Omar Khadr in early 2002.
The Khadr family is notorious in Canada. They lived here on and off through the 1980's and 1990's. Several of the children, including Omar, were born here. Though Arabs, the family moved to Afghanistan permanently in 1999. Ahmed Said Khadr, the father, was a key offshore fund raiser for Osama bin Laden. Bin Laden even attended the wedding of one of the Khadr daughters in Kabul. To the extent that al Quaida actually existed, the Khadrs were core members.
Things fell apart after the US invasion. Ahmed went on the run and was killed in a shootout with Pakistani soldiers in 2003. His son Abdulkareem, 14 at the time, was paralyzed in the firefight. He, his mother and two sisters came back to Canada in 2004. There was a lot of opposition to their return, but fortunately both the Federal and Provincial governments refused to bow to pressure and the Khadrs were dealt with by the same rules as everyone else. Abdulkareem, now 19 will be wheelchair bound for life.
Another son, Abdurahman (now 26) was the only one not interested in the family business. He was a teenager when they moved to Afghanistan and found life in Kabul stunningly primitive after growing up in Toronto. Nevertheless, Abdurahman got swept up in the net after the invasion. It took the Americans quite a while to figure out he was unimportant, if not innocent. Abdurahman was hauled through several facilities, including Guantanamo, between his arrest in 2001 and his release in 2003. He is currently in Canada, estranged from his family and twice denied a passport for fuzzy reasons. The obvious guess is that keeping him in Canada and probably under surveillance was the price demanded by the Americans for his release.
Another son, Abdullah (now 27), escaped the dragnet and moved around the Pashtun tribal areas on the Afghan border until his arrest in Pakistan in 2004. This came after an American "intelligence agency" offered a bounty of $500,000 for his capture. He was accused of illegal weapons trading in the border areas and specifically purchasing Soviet Stinger missiles for the Taliban. After a great deal of squabbling, he was transferred by the Pakistanis to Canada in 2005. For political reasons, the Pakistanis refused to hand him over to the Americans, although they were given full access for questioning. Anticipating his transfer to Canada, the US started extradition proceedings.

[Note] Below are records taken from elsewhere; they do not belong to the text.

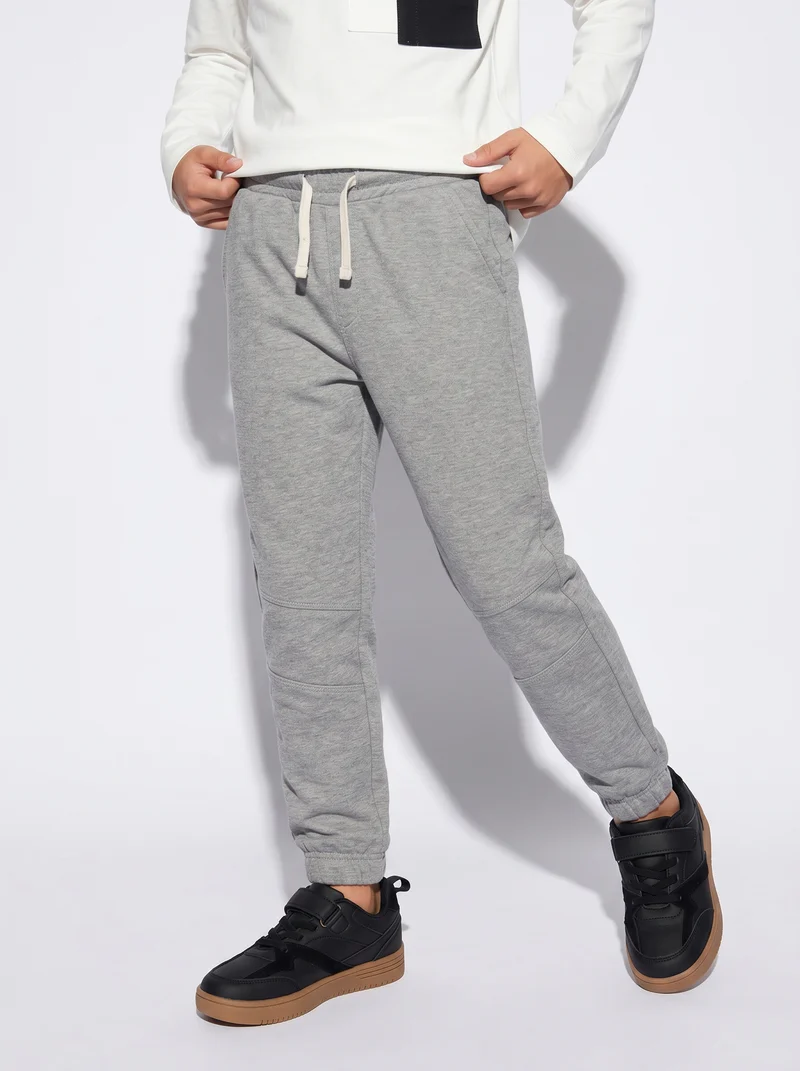 Pantaloni jogger in cotone comodi e pratici - Grigio mel.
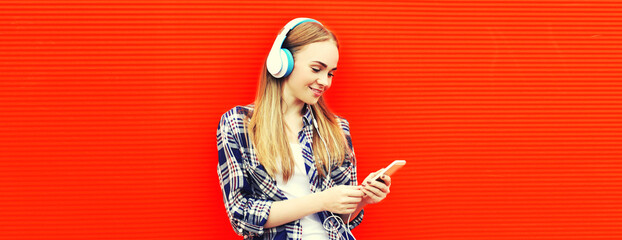 Portrait of happy woman with smartphone in wireless headphones listening to music on red...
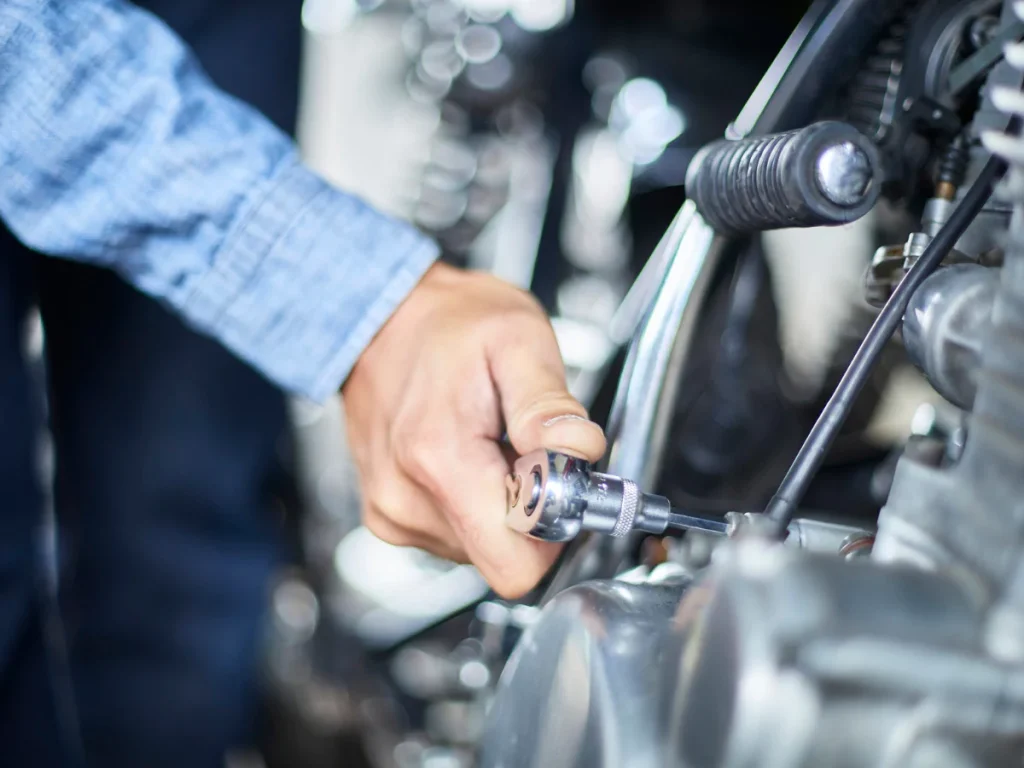 Motorcycle emissions inspection at Heron Lakes Estates, a technician's hand adjusting a part on a motorbike.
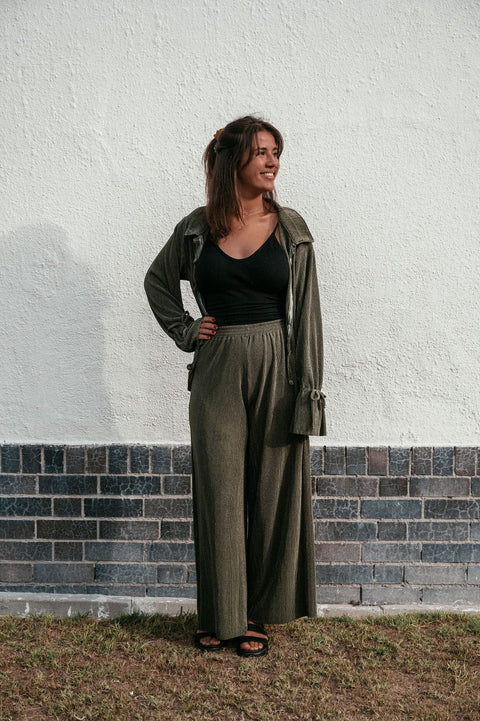 Woman with brown hair wearing the long sleeve plisse top opened with the matching olive plisse pants.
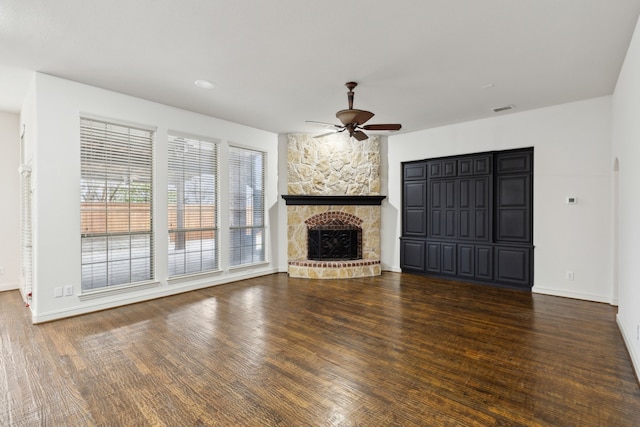 unfurnished living room featuring dark hardwood / wood-style floors, ceiling fan, and a stone fireplace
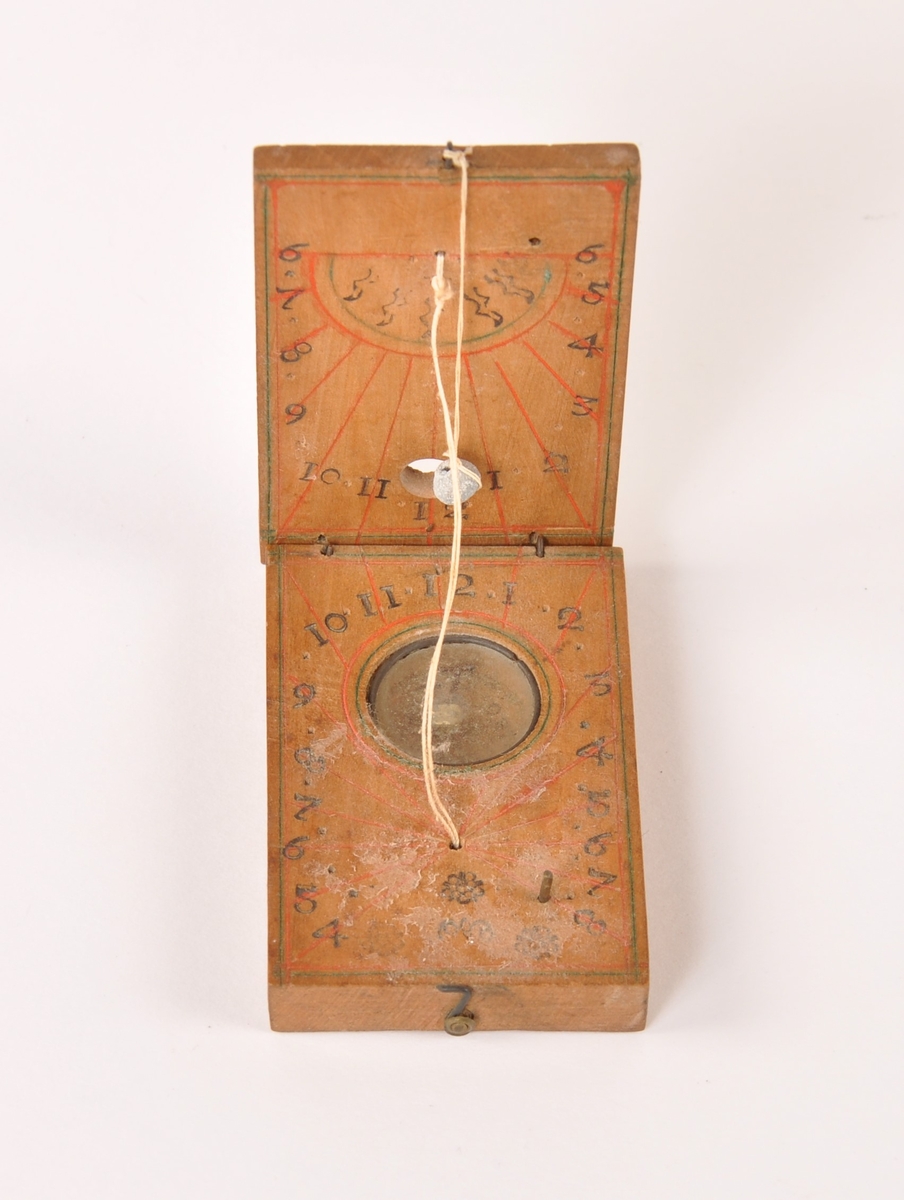 Solur med kompass i lommeformat, laget i tre, glass og metall. Tråd med blyperle viser tiden, påmalte streker for klokkeslett.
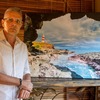 Arthur Movsisyan and his lighthouse photo during photo exhibition in Albion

He was re-arrested on the extradition warrant in early 2006 and remains in custody in Toronto.
I have no doubt the allegations of arms dealings are true. Unless you are a farmer or a doctor or a schoolteacher, there aren't a lot of legal ways to make a living in Wasiristan. But most of the arms he his alleged to have handled went to his father and were captured by the Pakistanis in 2003. If neither Pakistan nor Canada wants to try him, its unclear to me how the Americans have jurisdiction.
The last son was Omar. He was 14 when the US invaded Afghanistan and took to the hills. He was captured after being seriously wounded in a firefight in July 2002 at the age of 15. After being held some months at Bagram Air Base outside Kabul, he was transferred to Guantanamo where he remains. He is accused of, among other crimes, throwing a grenade that killed a US medic. The trial has stuttered for some months, but not actually started. Last week, it was postponed until January 27, 2009. The judge may be hoping Obama solves the Omar Khadr problem without a trial. So far, the only heroes of Guantanamo have been the conscientious military lawyers and judges who have fought enormous efforts to turn the proceedings into show trials.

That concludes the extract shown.